▶ **Problem requirements**
Would you please repeat, word for word, only the lines from the one holding "Hot Wheels City" through the one holding "Urban Classics Women's" in the material below, without the pictures?

====== Records for processing ======

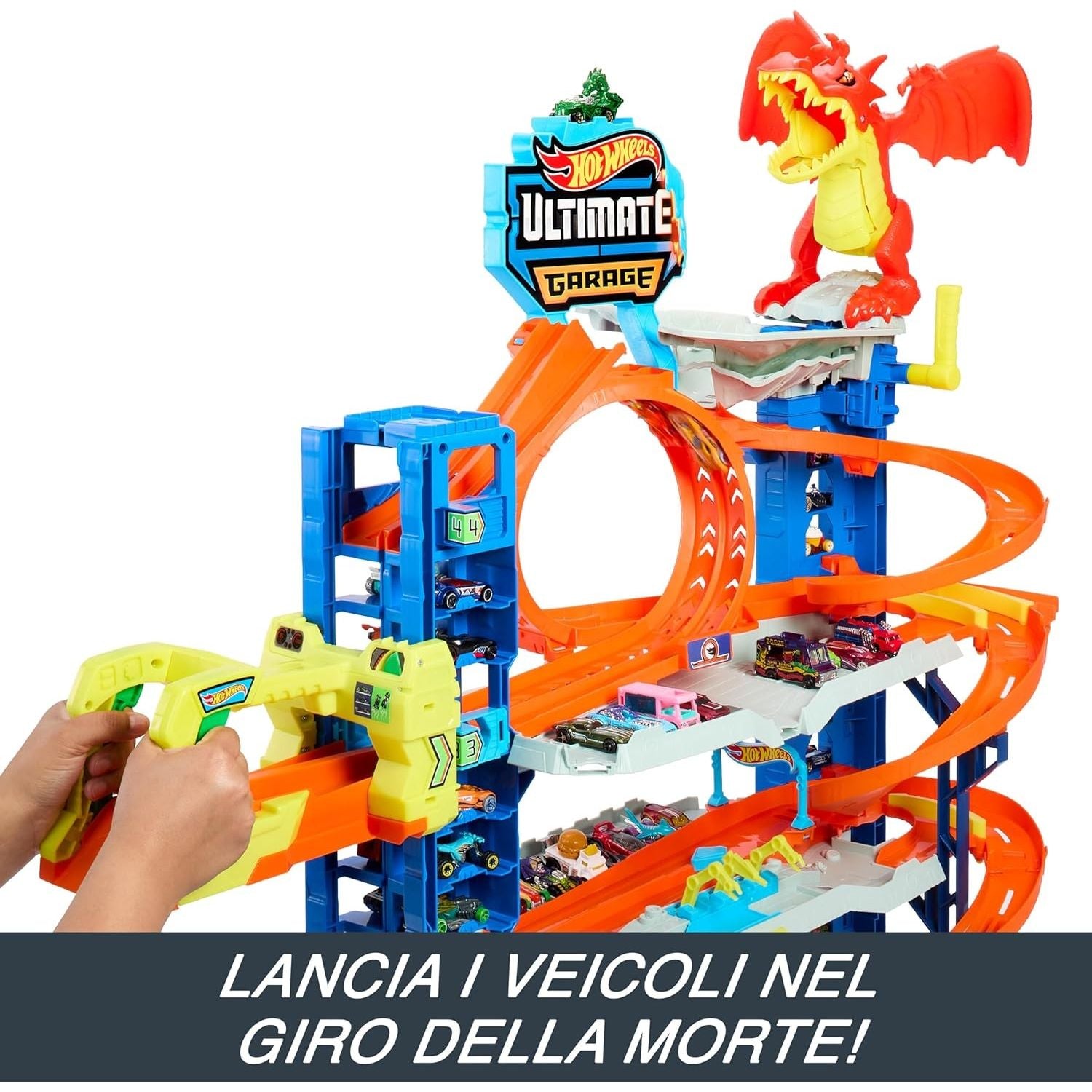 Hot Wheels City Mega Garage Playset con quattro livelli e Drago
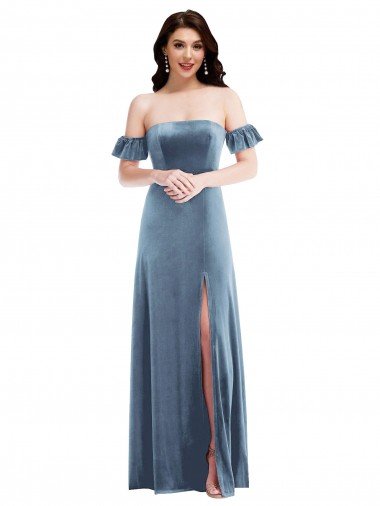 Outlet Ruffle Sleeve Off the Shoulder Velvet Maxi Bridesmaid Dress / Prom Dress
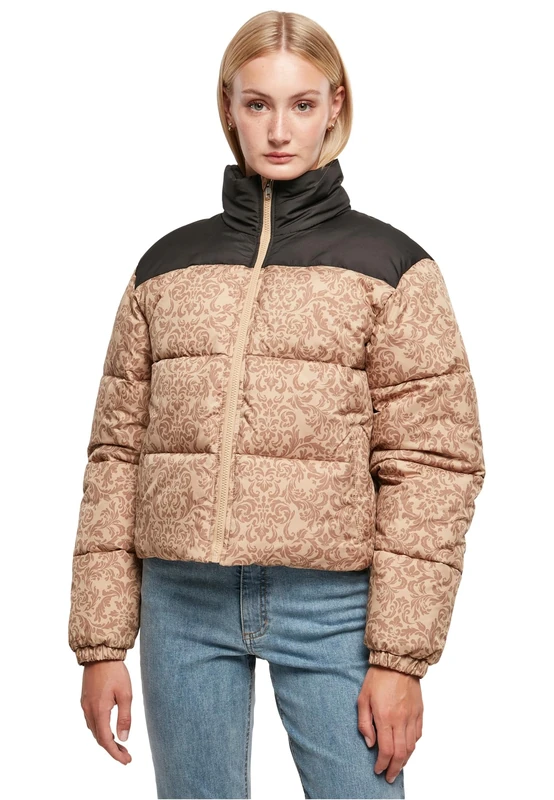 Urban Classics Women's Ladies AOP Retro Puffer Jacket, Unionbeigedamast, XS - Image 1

======
====== Records for processing ======

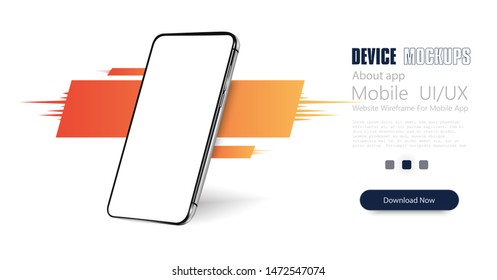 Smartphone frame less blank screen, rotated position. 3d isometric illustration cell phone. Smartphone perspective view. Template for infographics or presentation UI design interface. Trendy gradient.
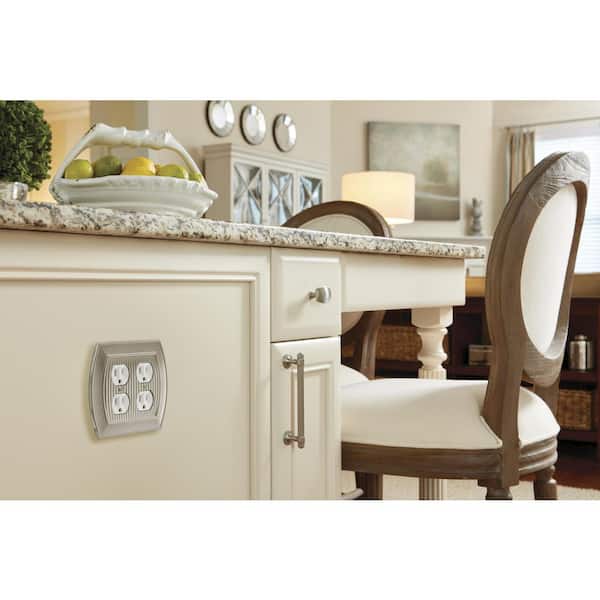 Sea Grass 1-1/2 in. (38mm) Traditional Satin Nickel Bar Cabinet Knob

======

▶ **Expected answer**
 Hot Wheels City Mega Garage Playset con quattro livelli e Drago
 Outlet Ruffle Sleeve Off the Shoulder Velvet Maxi Bridesmaid Dress / Prom Dress
 Urban Classics Women's Ladies AOP Retro Puffer Jacket, Unionbeigedamast, XS - Image 1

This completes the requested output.